⟨

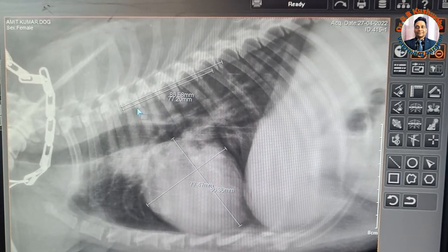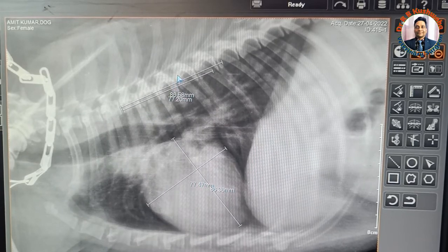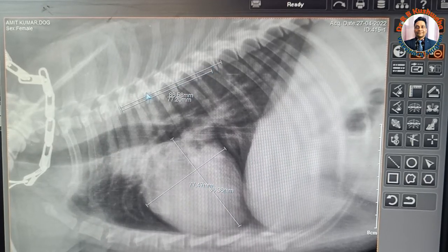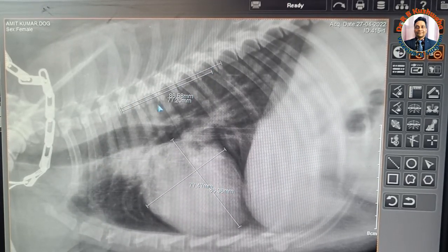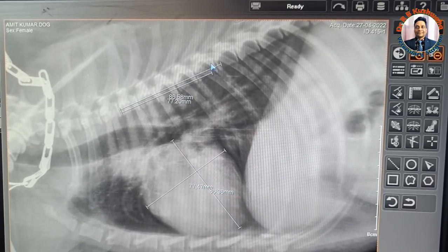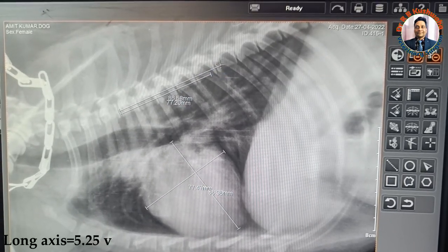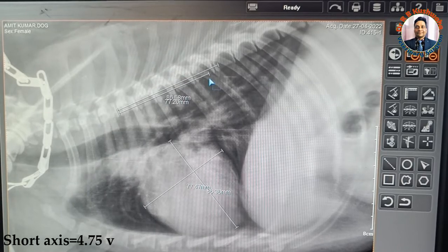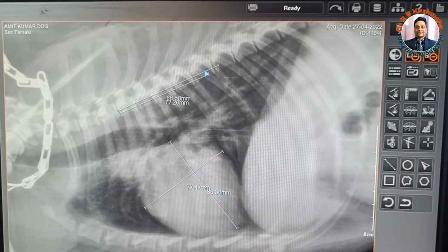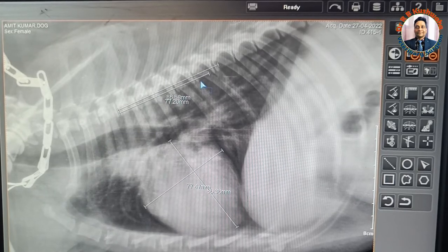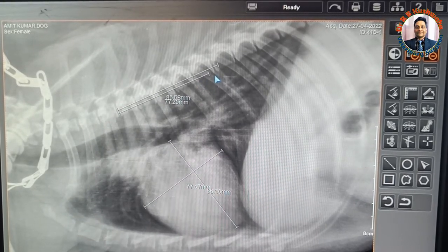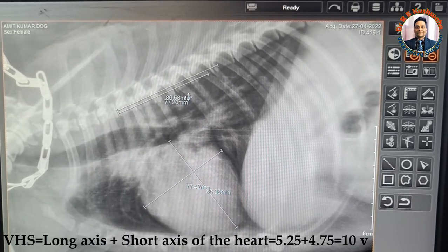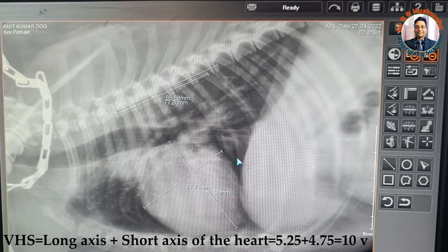Now we count the number of thoracic vertebral bodies occupied by the sum of the short axis and the long axis. Counting for the long axis gives 5.25 vertebrae, and for the short axis, 4.75 vertebrae. So 5.25 plus 4.75 equals 10 — giving a vertebral heart score of 10 V (vertebral units).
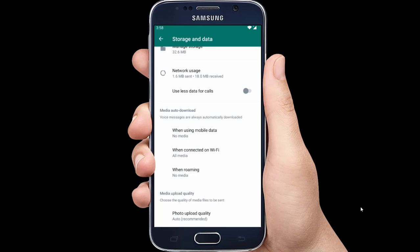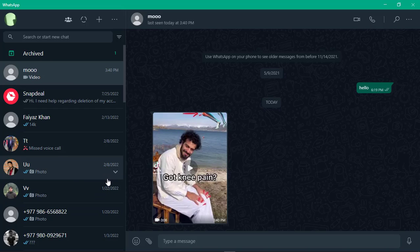Now let's see how you can download videos from WhatsApp on your computer. Open WhatsApp PC. Click on the video that you want to download.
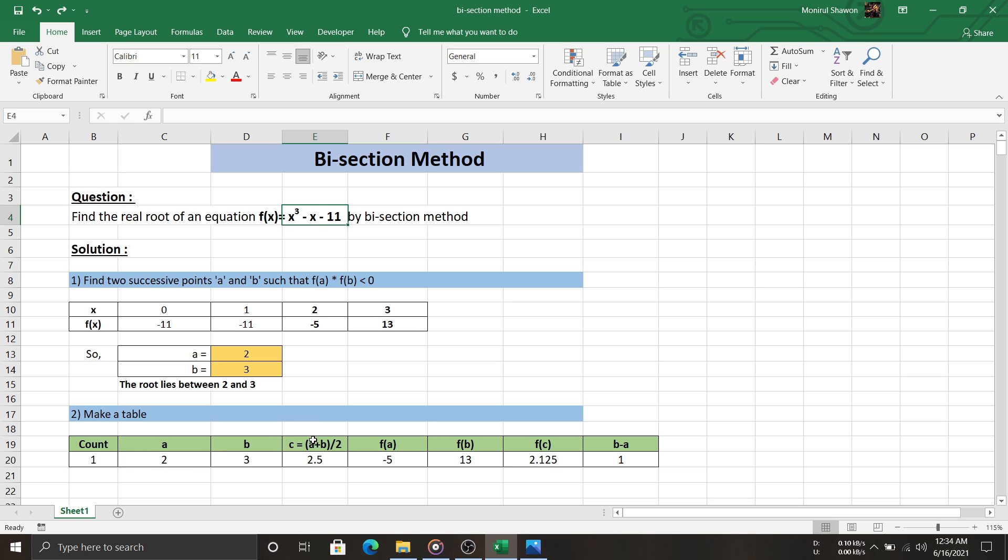C is the middle point of a and b. And for f(a), f(b), and f(c), we put a, b, and c respectively in our function, that is x³ - x - 11 in this example.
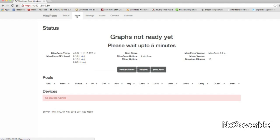All right, that's pretty much how you do it. So this is using MinePeon 0.2.4. All right, well you take it easy. Peace out.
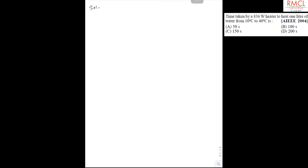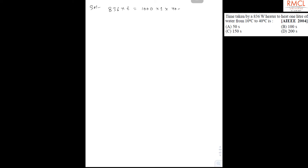So here is the solution. As electrical energy is converted into heat energy, 836 × T = 1000 × 1 × (40 − 10) × 4.18, which gives the energy in joules.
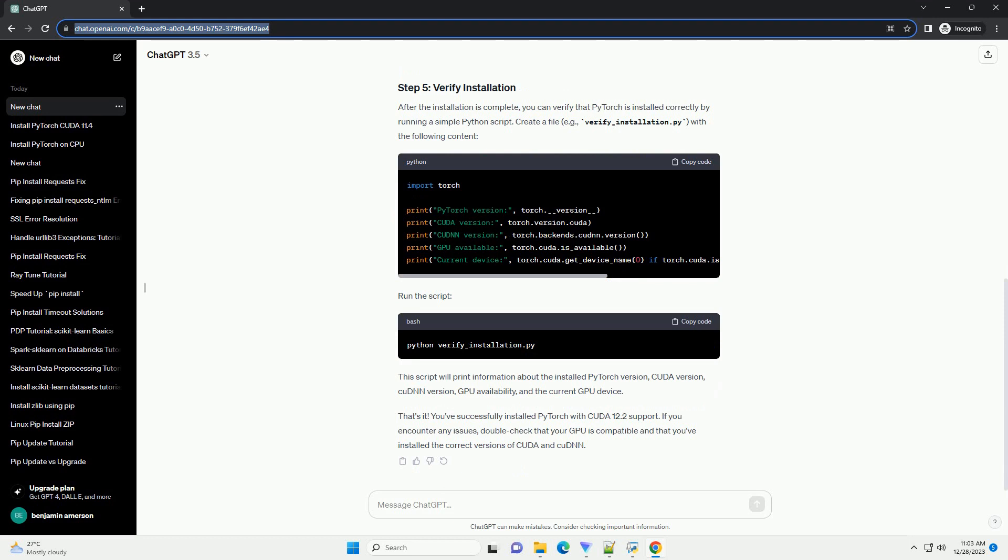Download and install the CUDA Toolkit 12.2 from the Nvidia CUDA Toolkit Downloads page. Download and install the CUDNN library compatible with CUDA 12.2 from the Nvidia CUDNN Downloads page.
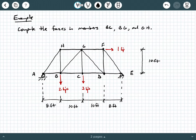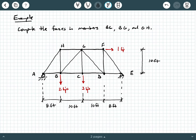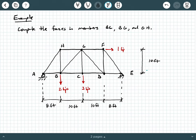In this example, we're being asked to compute the forces in members BC, which is this horizontal member here; BG, this diagonal member here; and GH, which is this horizontal member on the top chord. In this truss, notice that we've got three applied loads: a vertical two-kip load at joint B, a vertical three-kip load at joint C, and a horizontal one-kip load at joint F. We have two eight-foot dimension lines, two 10-foot dimension lines in the horizontal direction, and a vertical 10-foot dimension line. We're being asked to compute the member forces in these three members.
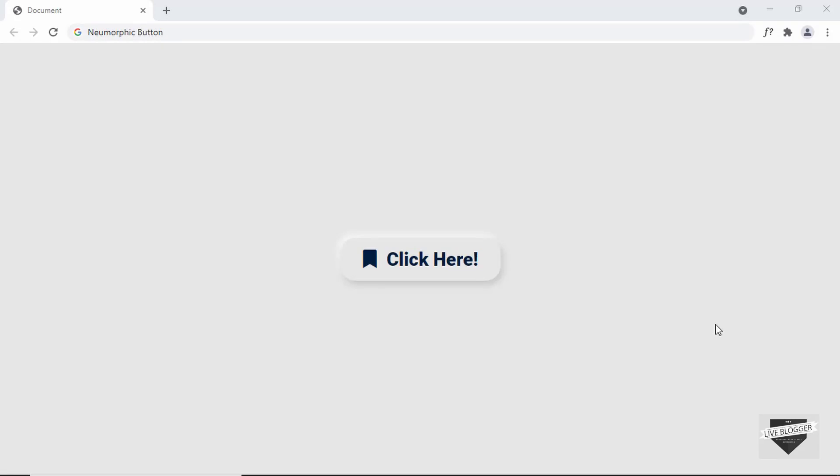Hi everybody, welcome to live blogger. In this video, I'll show you how to design this new morphic button using HTML and CSS. We also have a hover effect for this button, so if I hover over this, we can see we have this effect right here. So this is what we're going to design in this video. Let's get started.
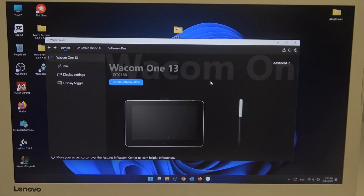Hello, in this video I want to show you how to change pen button mode in Wacom 1.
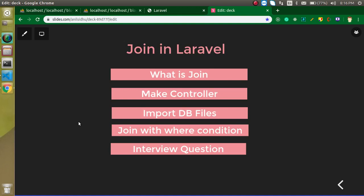Hi everyone, welcome back to my channel. My name is Anil and in this Laravel video tutorial we will learn about joins. We will see what a join is in theory, then we will make a controller, import some DB files, and play with the join. I will also show how to use the WHERE condition with a join, and at the end I will ask you an interview question.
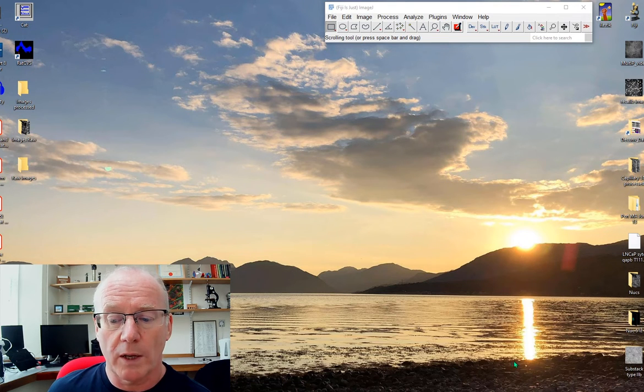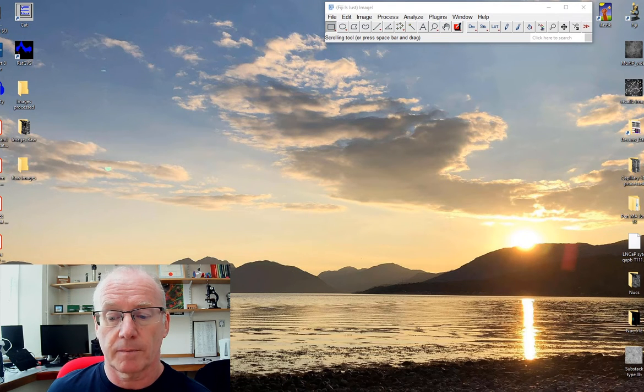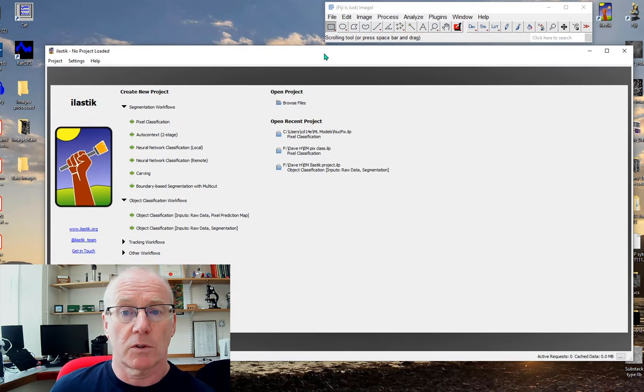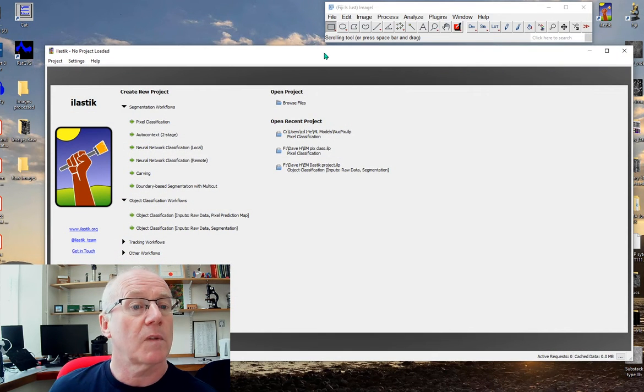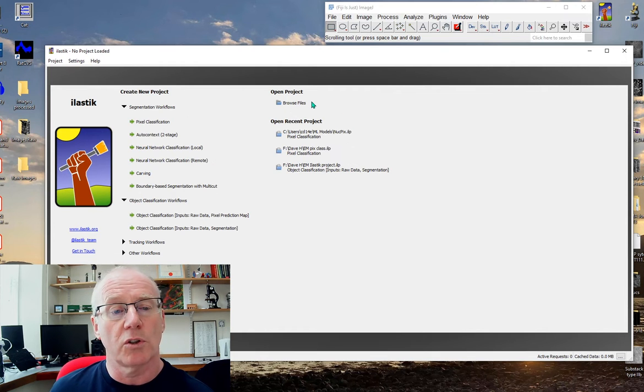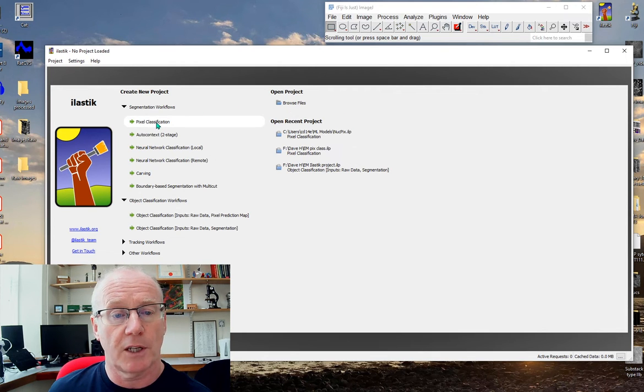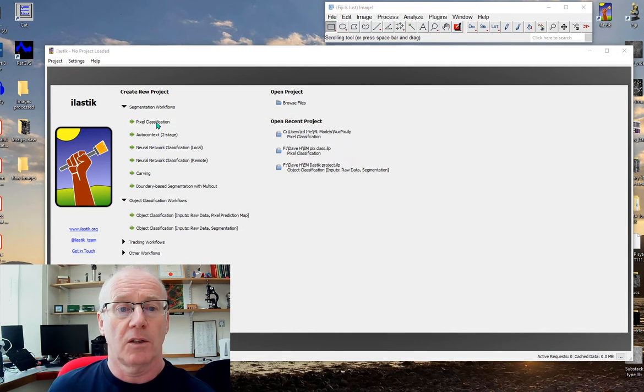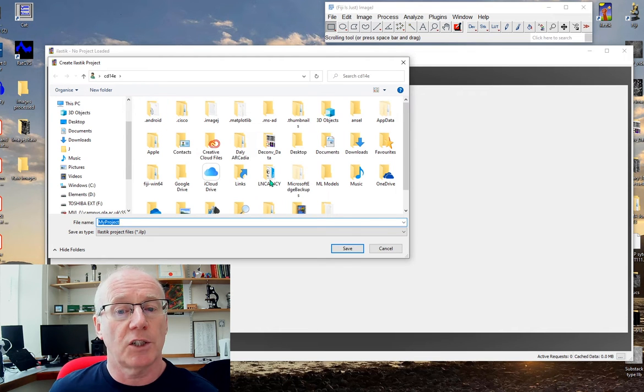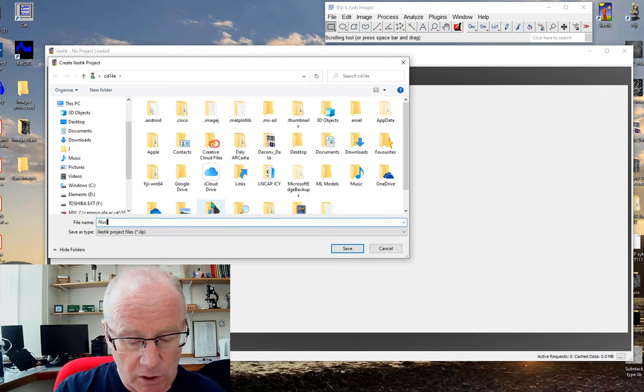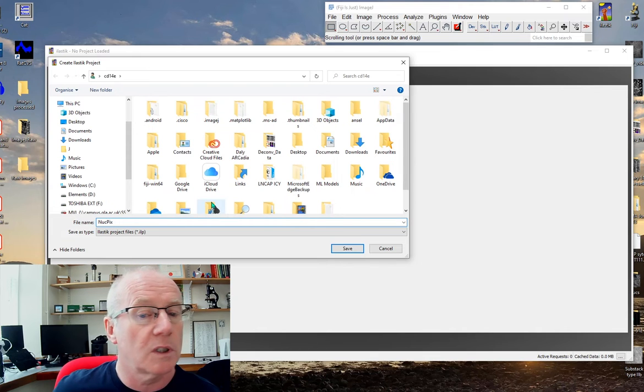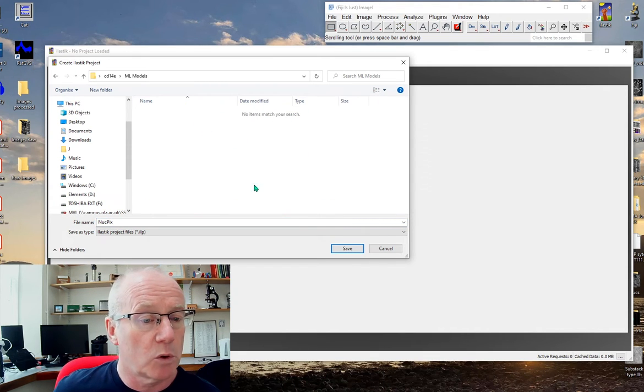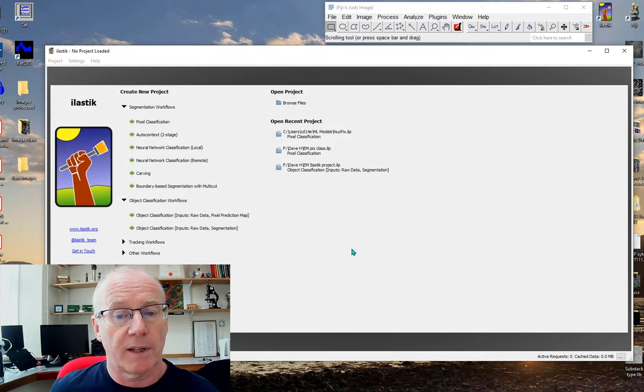When you run Ilastik it's going to look like this once it starts up. The first thing we're going to do is a pixel classification. We're going to train a network based on pixel intensities. We'll choose pixel classification and give it a name of nuclei pixels and put it in my machine learning models folder.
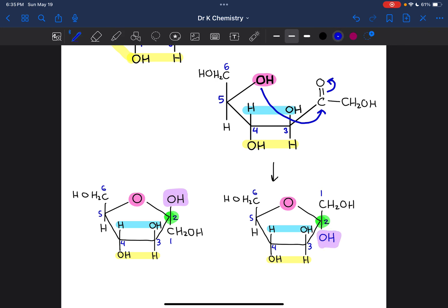In the structure on the left, the OH group is facing up, so this would be beta-D-fructose. On the structure on the right, the OH group is facing down, so this would be alpha-D-fructose.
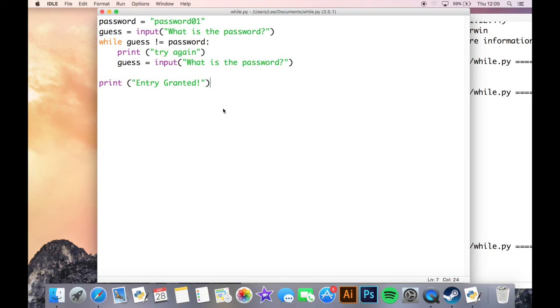So that is the basic starting point to while loops. Have a go of that, have a try of that, and we will be looking at other loops, range loops, later on. So thanks for having a look at that and let me know what you think.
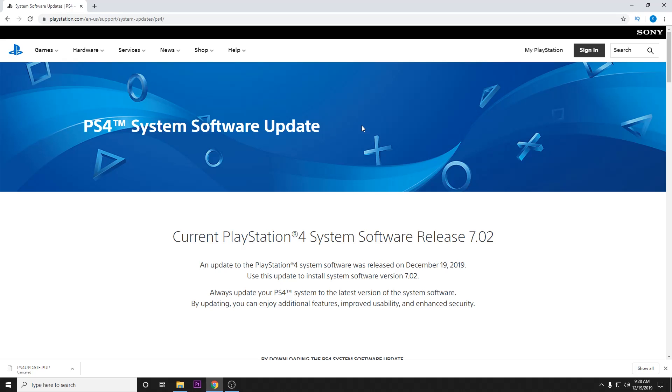Hey guys and welcome back to another video tutorial. Today we are going to show you how to fix the system error CE-34788-0.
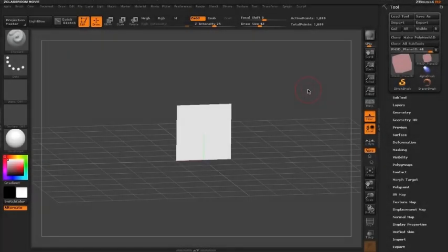Hello and welcome to a ZClassroom video on customizing an insert brush. In this video, we're going to cover how you can customize the insert nose brush that comes with ZBrush.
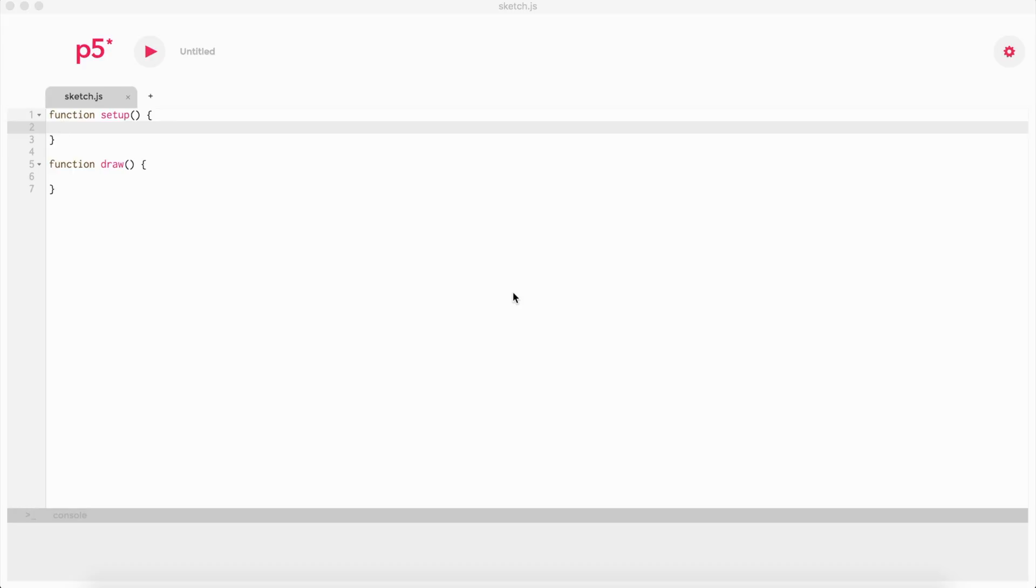Now we're going to get into how do we start. p5.js, as I said, is a drawing-based library. We're going to have a canvas. This is going to be a small tutorial.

⟩

Directions
Retype only the lines above from the one with "When you run" through the one with "So that is the", exactly and with both ends. Images stay out.

Reply to the task
When you run Ilastik it's going to look like this once it starts up. The first thing we're going to do is a pixel classification. We're going to train a network based on pixel intensities. We'll choose pixel classification and give it a name of nuclei pixels and put it in my machine learning models folder.
In the structure on the left, the OH group is facing up, so this would be beta-D-fructose. On the structure on the right, the OH group is facing down, so this would be alpha-D-fructose.
So that is the basic starting point to while loops. Have a go of that, have a try of that, and we will be looking at other loops, range loops, later on. So thanks for having a look at that and let me know what you think.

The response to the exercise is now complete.